For a constitution to be successful it should attempt to seek to coordinate the population of the country on a limit set of values which are widely shared. If two majority groups disagree strongly then no issue could be constitutionalized. Arguably the best way to bring order to a society that is pervasively pluralist with values that are divergent on most issues is to protect a set of individual rights liabilities. You also need to coordinate an economy that is open. For instance the constitution of the United States secured commercial society all the issues of tariffs and interstate commerce over to the federal government. This took them out of control on the individual states (Oliver & Jowell 2007).
In the modern time, the concept of constitutionalism involves a system of checks and balances to political issues and is regulated by law. It is also intended to protect the liberty of the citizens and enable them participate freely in the country’s politics. Some constitutions are presented in written form like the 1787 constitution of America while others constitute of an assemblage of precedents and legal statues that are collected over time like in the United Kingdom (Torre 2007). In early modern Europe, there was no such a word like constitutionalism but the words behind it were expressed frequently.
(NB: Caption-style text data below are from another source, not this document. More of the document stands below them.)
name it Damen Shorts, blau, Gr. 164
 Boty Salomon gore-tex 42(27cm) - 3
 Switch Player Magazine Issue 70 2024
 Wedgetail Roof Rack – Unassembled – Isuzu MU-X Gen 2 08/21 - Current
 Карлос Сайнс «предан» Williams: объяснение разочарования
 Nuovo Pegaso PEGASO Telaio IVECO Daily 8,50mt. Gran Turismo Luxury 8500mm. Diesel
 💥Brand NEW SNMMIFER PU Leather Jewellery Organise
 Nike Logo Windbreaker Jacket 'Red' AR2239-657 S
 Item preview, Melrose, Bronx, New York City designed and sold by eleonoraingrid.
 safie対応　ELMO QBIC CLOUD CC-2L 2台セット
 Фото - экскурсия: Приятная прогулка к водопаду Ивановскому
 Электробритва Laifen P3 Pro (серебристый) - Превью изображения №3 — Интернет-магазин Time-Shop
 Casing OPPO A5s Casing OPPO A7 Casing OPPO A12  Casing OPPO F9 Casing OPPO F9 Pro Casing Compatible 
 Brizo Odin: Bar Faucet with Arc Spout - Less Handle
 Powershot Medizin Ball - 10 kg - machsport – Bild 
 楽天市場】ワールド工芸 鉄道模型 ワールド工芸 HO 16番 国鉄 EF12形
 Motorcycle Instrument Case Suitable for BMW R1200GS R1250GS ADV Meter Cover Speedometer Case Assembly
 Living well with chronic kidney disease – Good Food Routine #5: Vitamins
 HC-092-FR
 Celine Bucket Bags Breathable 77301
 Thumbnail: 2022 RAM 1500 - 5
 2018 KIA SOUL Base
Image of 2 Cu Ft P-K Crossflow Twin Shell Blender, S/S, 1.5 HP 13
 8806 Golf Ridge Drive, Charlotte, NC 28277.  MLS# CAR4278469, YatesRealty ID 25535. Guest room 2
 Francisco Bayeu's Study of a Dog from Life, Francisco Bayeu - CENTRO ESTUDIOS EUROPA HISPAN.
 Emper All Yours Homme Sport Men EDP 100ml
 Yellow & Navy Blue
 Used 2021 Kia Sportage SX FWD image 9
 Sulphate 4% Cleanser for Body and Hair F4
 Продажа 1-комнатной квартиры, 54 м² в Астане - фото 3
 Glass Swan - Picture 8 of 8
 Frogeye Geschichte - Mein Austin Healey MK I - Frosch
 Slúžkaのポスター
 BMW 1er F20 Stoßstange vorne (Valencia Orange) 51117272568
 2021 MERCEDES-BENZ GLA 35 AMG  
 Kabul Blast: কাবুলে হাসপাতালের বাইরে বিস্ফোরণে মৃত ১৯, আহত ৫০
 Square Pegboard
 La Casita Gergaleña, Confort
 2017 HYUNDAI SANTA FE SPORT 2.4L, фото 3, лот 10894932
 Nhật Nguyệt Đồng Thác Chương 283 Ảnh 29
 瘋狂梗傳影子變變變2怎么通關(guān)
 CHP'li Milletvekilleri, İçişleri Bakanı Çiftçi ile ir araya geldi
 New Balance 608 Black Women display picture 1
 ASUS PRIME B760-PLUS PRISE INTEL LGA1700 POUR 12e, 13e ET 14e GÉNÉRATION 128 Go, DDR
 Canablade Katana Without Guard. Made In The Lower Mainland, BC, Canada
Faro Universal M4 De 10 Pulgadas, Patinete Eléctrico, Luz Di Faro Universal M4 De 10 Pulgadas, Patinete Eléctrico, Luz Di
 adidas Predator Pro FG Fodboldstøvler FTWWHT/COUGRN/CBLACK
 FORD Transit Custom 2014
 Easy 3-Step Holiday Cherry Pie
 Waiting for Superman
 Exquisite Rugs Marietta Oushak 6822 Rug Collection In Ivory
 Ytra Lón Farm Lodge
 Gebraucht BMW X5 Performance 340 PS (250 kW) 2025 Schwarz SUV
In this time, the checks and balances were embodied in specific monarchies.
According to Griffin (1998), a constitution is an assemblage of customs, laws and institutions which are determined from certain unchanging principles of reason, intended for certain fixed objects of public good. It composes of the general systems by which the population agree to be governed. This is always the reference for all the legal actions a citizen engages in. in other words going against the constitution is wrong and can be punishable. However energy country has its own constitution that could be very much different from the other countries’.
Although the modern western democracies are constitutional, democracy and constitutional are conceptually and historically distinct. While constitutionalism refers to limited government to divide and restrain state power, democracy refers to the unlimited exercise of the state power. In real sense majorities should be able to control all the government as stipulated in the pure majoritarian form of democracy. They should be able to control the executive, the legislative and even the judicial if they have a mind and this means they will control every thing inline with politics (Inoguchi, Newman, & Keane 1998).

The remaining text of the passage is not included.